Zamyatin, Yevgeny

views updated May 14 2018

Yevgeny Zamyatin

Russian writer Yevgeny Zamyatin (1884–1937) was the creator of the novel We (1920), a science fiction satire on totalitarianism that was both notable and extremely influential. He also wrote shorter fiction, mostly satirical, that remains less well known but has much to offer students of the early Soviet period of Russian literature.

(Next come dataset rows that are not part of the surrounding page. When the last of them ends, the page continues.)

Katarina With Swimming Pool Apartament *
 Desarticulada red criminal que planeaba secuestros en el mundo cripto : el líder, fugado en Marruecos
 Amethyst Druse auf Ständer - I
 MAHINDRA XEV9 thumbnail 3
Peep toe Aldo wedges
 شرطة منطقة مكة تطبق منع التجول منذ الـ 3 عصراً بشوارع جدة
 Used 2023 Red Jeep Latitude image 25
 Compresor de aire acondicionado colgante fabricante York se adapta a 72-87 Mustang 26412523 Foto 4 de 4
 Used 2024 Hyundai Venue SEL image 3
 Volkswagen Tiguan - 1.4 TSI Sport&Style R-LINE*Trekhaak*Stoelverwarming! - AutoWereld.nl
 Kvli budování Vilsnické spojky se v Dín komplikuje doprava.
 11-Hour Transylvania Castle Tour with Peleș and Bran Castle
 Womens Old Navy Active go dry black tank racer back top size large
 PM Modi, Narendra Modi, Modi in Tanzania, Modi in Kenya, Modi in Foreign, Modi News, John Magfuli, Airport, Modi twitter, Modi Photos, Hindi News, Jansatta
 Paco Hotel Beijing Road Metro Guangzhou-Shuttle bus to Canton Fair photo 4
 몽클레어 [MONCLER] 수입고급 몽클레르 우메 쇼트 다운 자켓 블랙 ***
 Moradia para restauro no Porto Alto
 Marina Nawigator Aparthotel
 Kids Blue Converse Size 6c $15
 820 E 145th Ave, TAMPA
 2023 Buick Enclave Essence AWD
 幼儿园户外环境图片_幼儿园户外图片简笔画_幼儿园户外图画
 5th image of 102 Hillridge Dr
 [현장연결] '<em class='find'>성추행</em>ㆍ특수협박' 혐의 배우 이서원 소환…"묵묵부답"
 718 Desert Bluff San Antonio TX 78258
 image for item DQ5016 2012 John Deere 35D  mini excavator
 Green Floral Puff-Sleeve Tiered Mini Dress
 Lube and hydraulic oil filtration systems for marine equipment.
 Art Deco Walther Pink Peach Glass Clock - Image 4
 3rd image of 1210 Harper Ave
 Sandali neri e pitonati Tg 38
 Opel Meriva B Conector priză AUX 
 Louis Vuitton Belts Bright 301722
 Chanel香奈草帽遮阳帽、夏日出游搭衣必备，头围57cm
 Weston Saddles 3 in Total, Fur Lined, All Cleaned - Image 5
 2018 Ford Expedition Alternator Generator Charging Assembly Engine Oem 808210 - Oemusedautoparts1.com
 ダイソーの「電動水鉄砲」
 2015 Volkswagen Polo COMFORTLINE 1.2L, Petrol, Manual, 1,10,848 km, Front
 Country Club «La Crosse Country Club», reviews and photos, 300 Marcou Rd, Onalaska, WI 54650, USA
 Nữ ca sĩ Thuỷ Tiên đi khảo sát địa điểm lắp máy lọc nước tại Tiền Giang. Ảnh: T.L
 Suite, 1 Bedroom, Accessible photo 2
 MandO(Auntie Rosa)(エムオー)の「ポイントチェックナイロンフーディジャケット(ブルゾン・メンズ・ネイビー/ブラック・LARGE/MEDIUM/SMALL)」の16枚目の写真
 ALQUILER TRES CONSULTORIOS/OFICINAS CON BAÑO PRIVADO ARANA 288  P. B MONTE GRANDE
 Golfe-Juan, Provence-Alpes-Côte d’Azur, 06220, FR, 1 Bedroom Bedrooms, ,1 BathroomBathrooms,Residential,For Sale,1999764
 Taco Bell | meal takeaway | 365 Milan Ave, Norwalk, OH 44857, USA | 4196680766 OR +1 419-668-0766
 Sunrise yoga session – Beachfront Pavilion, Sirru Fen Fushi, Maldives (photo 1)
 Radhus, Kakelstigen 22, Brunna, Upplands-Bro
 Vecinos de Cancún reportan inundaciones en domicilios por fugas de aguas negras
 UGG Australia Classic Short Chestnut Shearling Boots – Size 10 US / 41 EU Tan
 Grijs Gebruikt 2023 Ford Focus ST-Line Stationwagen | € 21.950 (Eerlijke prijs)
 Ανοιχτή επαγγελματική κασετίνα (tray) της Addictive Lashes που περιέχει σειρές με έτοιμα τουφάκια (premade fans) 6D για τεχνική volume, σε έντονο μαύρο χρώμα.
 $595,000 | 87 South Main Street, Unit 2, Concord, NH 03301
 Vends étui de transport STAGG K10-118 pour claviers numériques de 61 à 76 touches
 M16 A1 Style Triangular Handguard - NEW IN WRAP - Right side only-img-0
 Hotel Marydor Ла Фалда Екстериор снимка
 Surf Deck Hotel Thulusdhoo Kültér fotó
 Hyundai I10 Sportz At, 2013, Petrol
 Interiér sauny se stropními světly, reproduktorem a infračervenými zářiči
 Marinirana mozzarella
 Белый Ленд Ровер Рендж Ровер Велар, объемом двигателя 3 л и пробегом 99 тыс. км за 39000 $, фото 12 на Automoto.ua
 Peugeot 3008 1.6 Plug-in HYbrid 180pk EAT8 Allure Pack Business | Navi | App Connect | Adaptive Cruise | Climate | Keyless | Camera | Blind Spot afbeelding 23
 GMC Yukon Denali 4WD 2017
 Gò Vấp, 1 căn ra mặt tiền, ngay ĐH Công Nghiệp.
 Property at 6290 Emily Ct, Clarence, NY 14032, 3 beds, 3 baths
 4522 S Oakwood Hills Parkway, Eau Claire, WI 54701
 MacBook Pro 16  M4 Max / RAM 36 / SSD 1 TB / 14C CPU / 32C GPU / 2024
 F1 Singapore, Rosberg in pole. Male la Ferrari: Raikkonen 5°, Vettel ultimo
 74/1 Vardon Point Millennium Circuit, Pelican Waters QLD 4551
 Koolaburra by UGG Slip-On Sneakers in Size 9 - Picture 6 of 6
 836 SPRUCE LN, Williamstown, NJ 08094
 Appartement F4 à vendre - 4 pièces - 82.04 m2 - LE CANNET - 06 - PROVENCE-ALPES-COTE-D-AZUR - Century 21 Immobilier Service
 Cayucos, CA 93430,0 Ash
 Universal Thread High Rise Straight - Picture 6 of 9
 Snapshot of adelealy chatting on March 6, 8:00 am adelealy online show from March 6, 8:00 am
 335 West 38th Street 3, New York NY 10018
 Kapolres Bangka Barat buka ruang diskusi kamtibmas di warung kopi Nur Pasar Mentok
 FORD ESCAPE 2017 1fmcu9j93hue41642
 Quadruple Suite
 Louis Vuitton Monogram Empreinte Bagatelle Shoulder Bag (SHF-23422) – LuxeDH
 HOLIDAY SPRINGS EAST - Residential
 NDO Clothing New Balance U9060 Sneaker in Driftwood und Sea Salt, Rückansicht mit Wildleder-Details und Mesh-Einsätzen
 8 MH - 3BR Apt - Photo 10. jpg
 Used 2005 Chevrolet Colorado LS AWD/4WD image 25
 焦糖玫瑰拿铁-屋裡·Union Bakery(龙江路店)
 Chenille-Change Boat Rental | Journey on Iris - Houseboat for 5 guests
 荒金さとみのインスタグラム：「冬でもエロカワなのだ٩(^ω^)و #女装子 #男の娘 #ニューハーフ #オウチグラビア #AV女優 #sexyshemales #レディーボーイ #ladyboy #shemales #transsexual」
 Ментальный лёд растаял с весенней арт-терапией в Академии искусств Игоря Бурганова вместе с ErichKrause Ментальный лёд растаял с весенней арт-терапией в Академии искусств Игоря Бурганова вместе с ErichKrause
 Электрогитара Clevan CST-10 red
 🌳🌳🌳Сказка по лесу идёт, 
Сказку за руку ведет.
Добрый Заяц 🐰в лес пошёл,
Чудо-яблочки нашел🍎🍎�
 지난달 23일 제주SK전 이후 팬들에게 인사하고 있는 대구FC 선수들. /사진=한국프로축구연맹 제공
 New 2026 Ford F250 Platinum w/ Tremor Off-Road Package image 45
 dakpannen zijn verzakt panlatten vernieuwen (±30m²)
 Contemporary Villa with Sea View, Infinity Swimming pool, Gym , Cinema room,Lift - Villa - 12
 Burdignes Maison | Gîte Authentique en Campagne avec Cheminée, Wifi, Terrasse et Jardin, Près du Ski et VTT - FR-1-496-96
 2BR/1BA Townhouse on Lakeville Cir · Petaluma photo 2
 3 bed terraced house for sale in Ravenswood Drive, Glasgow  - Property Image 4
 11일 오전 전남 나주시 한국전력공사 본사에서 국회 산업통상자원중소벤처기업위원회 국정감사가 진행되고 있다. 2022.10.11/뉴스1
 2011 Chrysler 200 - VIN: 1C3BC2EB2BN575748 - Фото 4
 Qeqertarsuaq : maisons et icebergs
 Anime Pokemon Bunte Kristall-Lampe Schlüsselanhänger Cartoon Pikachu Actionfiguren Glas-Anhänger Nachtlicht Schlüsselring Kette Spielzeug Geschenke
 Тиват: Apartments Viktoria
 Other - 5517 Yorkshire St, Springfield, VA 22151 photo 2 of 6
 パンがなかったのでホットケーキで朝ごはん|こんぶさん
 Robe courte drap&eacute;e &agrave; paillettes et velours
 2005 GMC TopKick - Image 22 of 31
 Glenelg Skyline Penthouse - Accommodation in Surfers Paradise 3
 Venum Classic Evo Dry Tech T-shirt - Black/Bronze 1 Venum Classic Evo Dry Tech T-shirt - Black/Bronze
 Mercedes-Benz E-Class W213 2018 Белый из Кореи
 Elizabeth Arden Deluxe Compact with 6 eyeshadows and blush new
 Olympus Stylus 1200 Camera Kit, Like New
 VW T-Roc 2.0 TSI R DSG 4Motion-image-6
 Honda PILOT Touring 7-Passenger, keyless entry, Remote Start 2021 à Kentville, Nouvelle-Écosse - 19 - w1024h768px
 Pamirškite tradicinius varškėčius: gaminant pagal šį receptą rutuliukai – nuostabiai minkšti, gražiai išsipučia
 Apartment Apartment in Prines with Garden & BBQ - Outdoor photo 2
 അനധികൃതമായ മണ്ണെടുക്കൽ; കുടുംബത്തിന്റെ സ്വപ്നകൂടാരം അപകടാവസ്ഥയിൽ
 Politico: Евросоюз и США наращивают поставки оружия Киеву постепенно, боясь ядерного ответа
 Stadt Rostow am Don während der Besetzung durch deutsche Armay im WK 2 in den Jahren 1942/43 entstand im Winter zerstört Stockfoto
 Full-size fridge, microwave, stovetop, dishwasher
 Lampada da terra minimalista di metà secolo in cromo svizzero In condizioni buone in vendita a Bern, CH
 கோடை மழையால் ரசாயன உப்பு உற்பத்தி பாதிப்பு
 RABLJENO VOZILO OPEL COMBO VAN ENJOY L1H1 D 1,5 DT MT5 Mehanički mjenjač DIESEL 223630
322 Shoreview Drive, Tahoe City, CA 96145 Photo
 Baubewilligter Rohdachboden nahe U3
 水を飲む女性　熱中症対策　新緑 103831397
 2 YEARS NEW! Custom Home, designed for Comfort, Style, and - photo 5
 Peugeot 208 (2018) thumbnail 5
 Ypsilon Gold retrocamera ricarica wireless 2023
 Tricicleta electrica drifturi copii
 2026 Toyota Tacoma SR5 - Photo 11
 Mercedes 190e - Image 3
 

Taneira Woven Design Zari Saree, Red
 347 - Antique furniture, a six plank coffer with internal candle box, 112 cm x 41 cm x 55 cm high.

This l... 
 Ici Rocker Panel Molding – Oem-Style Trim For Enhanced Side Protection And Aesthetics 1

The first book banned in the young Soviet Union, We was not published in Russian in a complete version until 1952, and was not officially approved until the perestroika era of cultural openness that preceded the fall of Communism. It circulated in manuscript, however, and was well known to a variety of Russian writers. The novel's greatest influence was visible abroad; it was admired by English novelist George Orwell and was a key predecessor to 1984. The extent of its influence on another major work of futurism, Aldous Huxley's Brave New World, has been debated; Huxley denied that he had read the book, but Orwell and others identified strong similarities between Huxley's and Zamyatin's novels, and the central plot device of a romance that arises in the midst of a completely centralized and mechanized society is common to the two books.

Born in Small Town

Zamyatin was a native of Lebedian, Russia, a small town about two hundred miles south of Moscow. He was born early in 1884; the conflicting dates of January 20 and February 1 that appear in literary sources may result from the conflicting calendrical systems in force in Russia at the time. Zamyatin's father was a Russian Orthodox priest and a school principal, but the atmosphere of the small town, despite his mother's love for literature and classical music, was not intellectual. Zamyatin retreated into a world of books; he loved Dostoyevsky and later wrote of being "initiated into this mysterious thing, letters" (as quoted on the website Yevgeny Ivenovitch Zamyatin: The Russian Revolutionary Romantic Distopian Writer). Attending high school in the city of Voronezh, Zamyatin excelled in English but did poorly in math classes. With typical perversity, he decided to become an engineer. Honored with a gold medal at his high school graduation, he pawned the medal shortly afterward.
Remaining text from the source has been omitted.